Este 15 de noviembre se cumplen cinco años de la más eficaz operación de inteligencia que la élite política chilena haya realizado en su historia. Cuando la ciudadanía se alzaba en contra de un sistema abusivo que se había prolongado por tres décadas, los causantes de dicho malestar -al verse acorralados- armaron un cuento para aplacar la ira del pueblo que amenazaba sus privilegios.
En efecto, desde los saltos al torniquete del Metro de Santiago protagonizados por estudiantes secundarios, miles de personas empezaron a sumarse a las enérgicas protestas, extendiéndose la furia a todas las ciudades de país. Pero lo que más preocupaba a la clase política era la transversalidad del movimiento: Ricos y pobres, de todas las regiones en contra de ella. El pueblo unido.
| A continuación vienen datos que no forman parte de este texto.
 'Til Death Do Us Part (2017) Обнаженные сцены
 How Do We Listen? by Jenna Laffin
Y cuando comenzaron los cabildos en diversas comunas, se configuró la tormenta perfecta para la casta dominante: Un pueblo no solo indignado, sino -además- organizado. Eso había que pararlo. Contando con las facilidades administrativas de las estructuras que tenía aún bajo su control, la élite asustada recurrió al relato de que ella no era la mala, sino la Constitución y que por lo tanto la clase política no debía ser cambiada, sino la que debía ser cambiada era la Carta Fundamental. Y el pueblo mordió el anzuelo.
El mismo día de haberse anunciado de manera altisonante el "Acuerdo por la Paz Social y la Nueva Constitución" disminuyó la intensidad de las movilizaciones. Una vez más, como es frecuente en la historia de Chile, los malos se salieron con la suya. Esta vez echándole la culpa a la Constitución, un discurso tan absurdo como efectivo.
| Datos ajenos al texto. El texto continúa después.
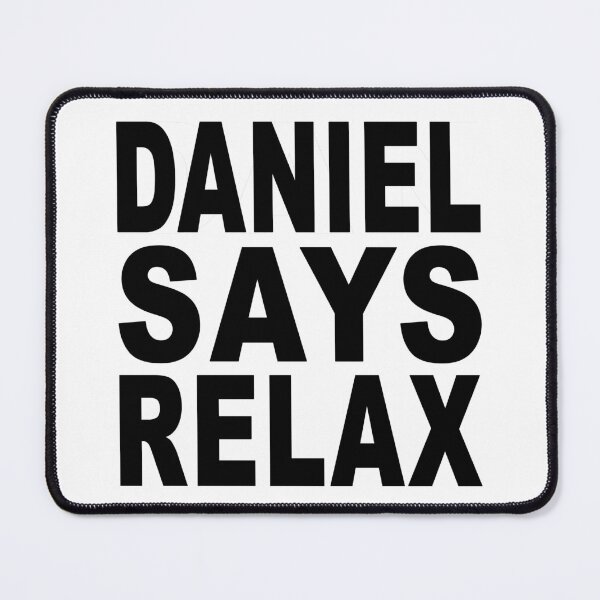 Item preview, Daniel Says Relax designed and sold by Normbot2000.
Muy pocos líderes de opinión usaron su consagrada tribuna para desmentir el relato. Es más, la mayoría de ellos casi en coro apoyó "la salida a la crisis". Solo algunos públicamente repararon que la Constitución no era la causante del descontento y que no había que seguir la ruta de escape que astutamente habían ideado quienes ostentaban el poder institucional.
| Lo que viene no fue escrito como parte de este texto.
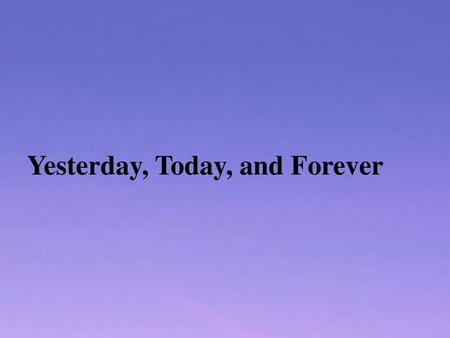 Yesterday, Today, and Forever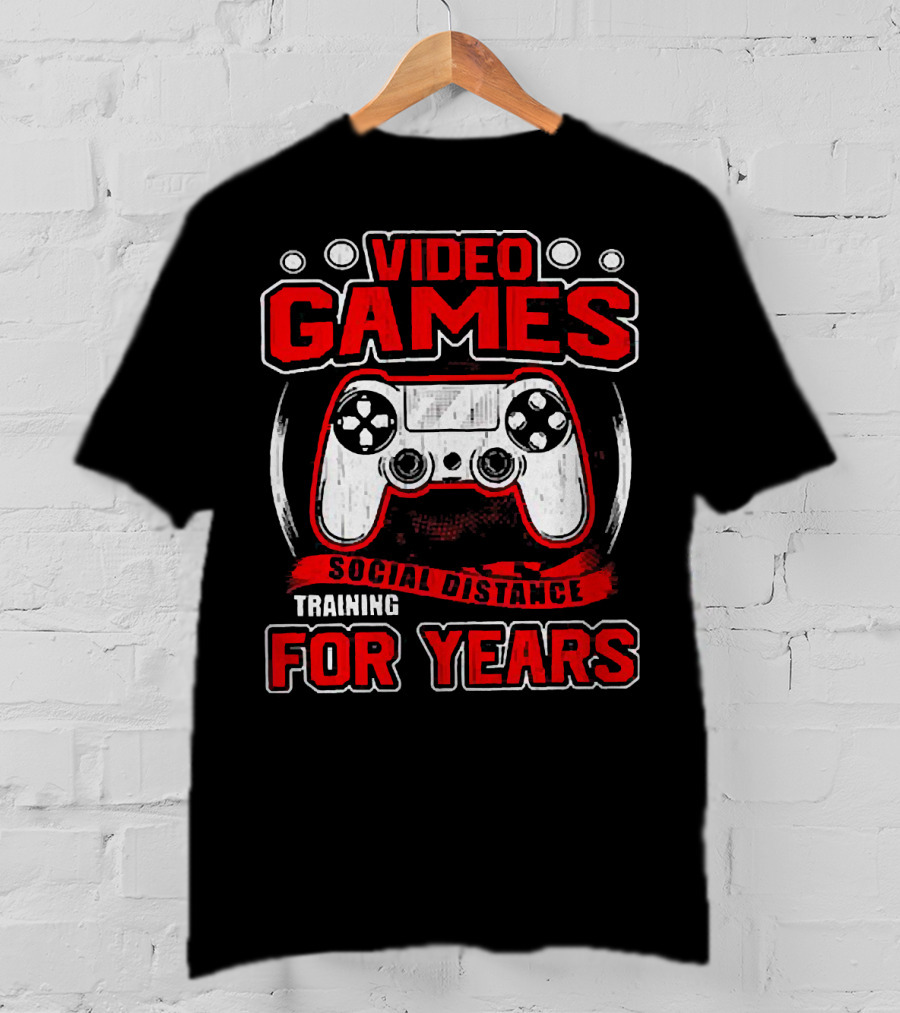 Video Games Social Distance Training For Years Controller T-Shirt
Sin embargo, se terminó aceptando que la dignidad se haría costumbre con un nuevo texto constitucional. No se escuchó que la actual Constitución en su Artículo 1 ya dice que las personas nacen libres e iguales en dignidad y derechos. Entonces, ante las tremendas desigualdades de oportunidades y otras flagrantes injusticias: ¿Qué tendría que decir una nueva Constitución? Luego en su Artículo 8 ya afirma que el ejercicio de las funciones públicas obliga a sus titulares a dar estricto cumplimiento al principio de probidad en todas sus actuaciones. Entonces, ante la galopante corrupción del Estado, ¿qué debería decir una nueva Constitución? La misma en su Artículo 19 ya asegura el derecho a vivir en un medio ambiente libre de contaminación. Entonces, ante las numerosas y persistentes zonas de sacrificio, ¿qué tendría que decir una nueva Constitución? Ciertamente el actual texto constitucional puede y debe mejorarse en muchos aspectos, pero lo que la gente pedía no era eso, pues sus legítimas demandas para ser cubiertas no requerían ni tampoco requieren de una nueva Constitución. Pero al parecer el pueblo así lo creyó que se desmovilizó, soltó las calles, se dividió en diversas posturas ante un par de plebiscitos y selló su derrota.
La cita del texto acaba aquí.